It was very discouraging for me as well to ‘delete’ samples without knowing the category. As I found later, downloading images from google/baidu/etc will provide you with a big amount of garbage, and that has to be cleaned up manually.
I went away looking for other deduplicators but eventually came back in an attempt to stick to the tools provided by the course.
I found something interesting. It is not the intended use, but in my opinion it works much better.
If you do:
ds, idxs = DatasetFormatter().from_similars(learn_cln)
ImageCleaner(ds, idxs, path, duplicates=True)
Then you get something like
But!! If you do:
ds, idxs = DatasetFormatter().from_similars(learn_cln)
ImageCleaner(ds, idxs, path, duplicates=False)
Then you get
This allows to SEE the categories and perform a faster cleaning of the dataset.
Because… rather than
- Do top_losses
- re-categorize N out of M clones (multiple times)
- Reload the csv
- Then do from_similars
- delete N out of M clones (multiple times)
I do:
- Do from_similars
- delete N out of M clones and re-categorize the image left (multiple times)
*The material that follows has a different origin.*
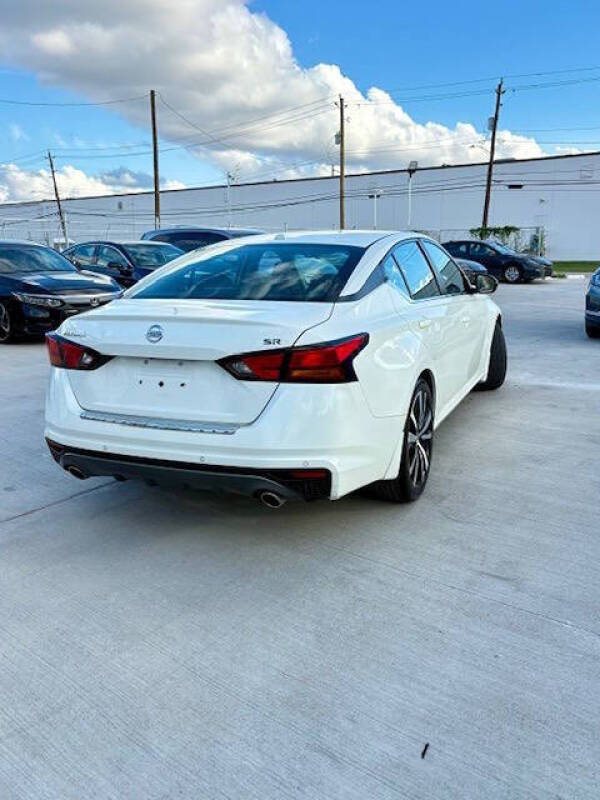 2020 Nissan Altima 2.5 SR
Then you can focus on top_losses knowing that all the duplicates are out of the game.
================
This has nothing to do with the tool but is a VERY NICE trick.
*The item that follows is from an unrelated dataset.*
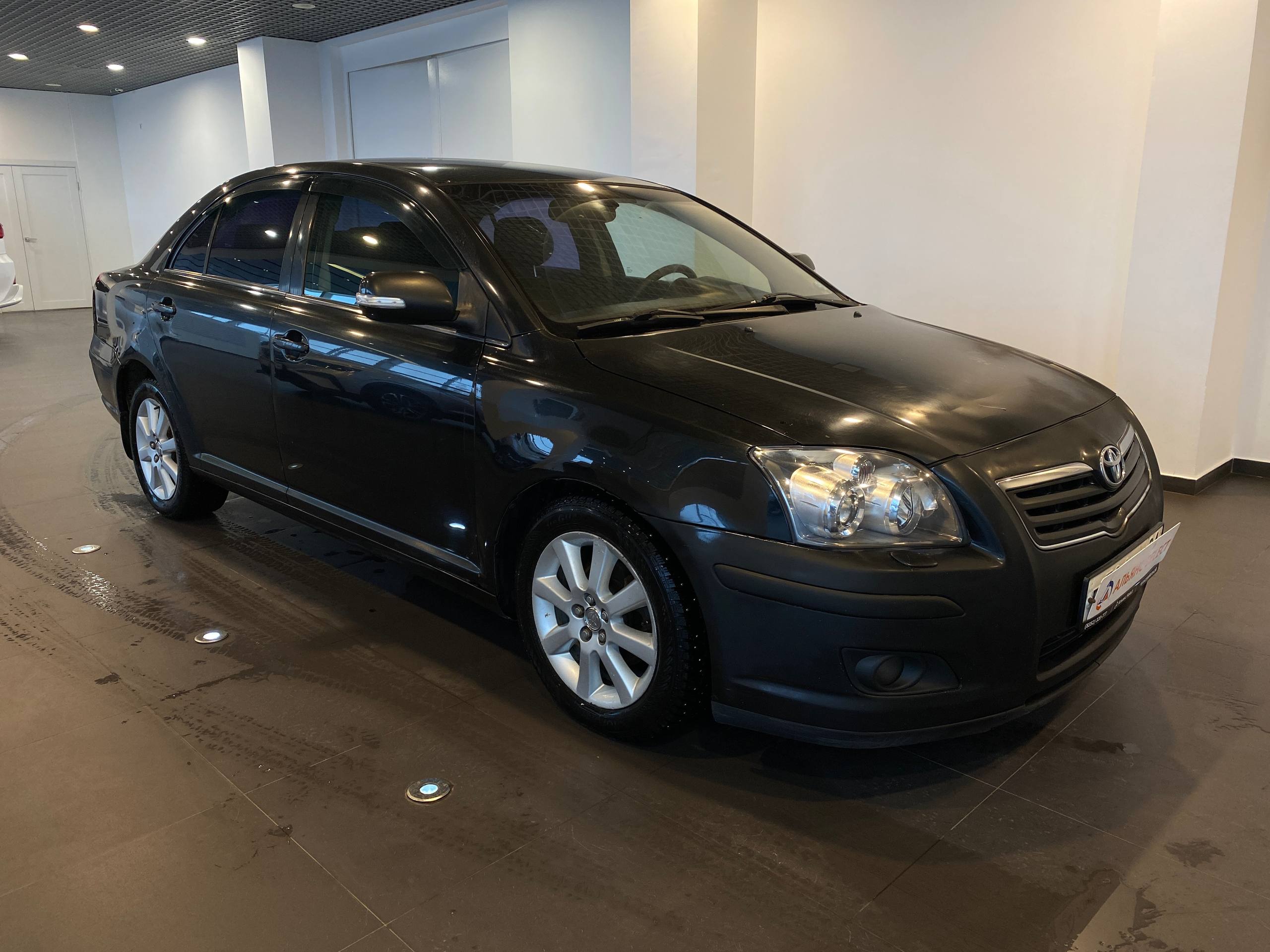 TOYOTA AVENSIS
If you get an image that you are unsure of (you simply don’t know the category it belongs to).
Then right click on it (only on Chrome, sorry) and click on “Search google for image”.
On the heading you may find your answer
If not, find a large picture on the results to open, or look at the titles of webpages containing the photo.
In other words, use Google’s power to find out the answer.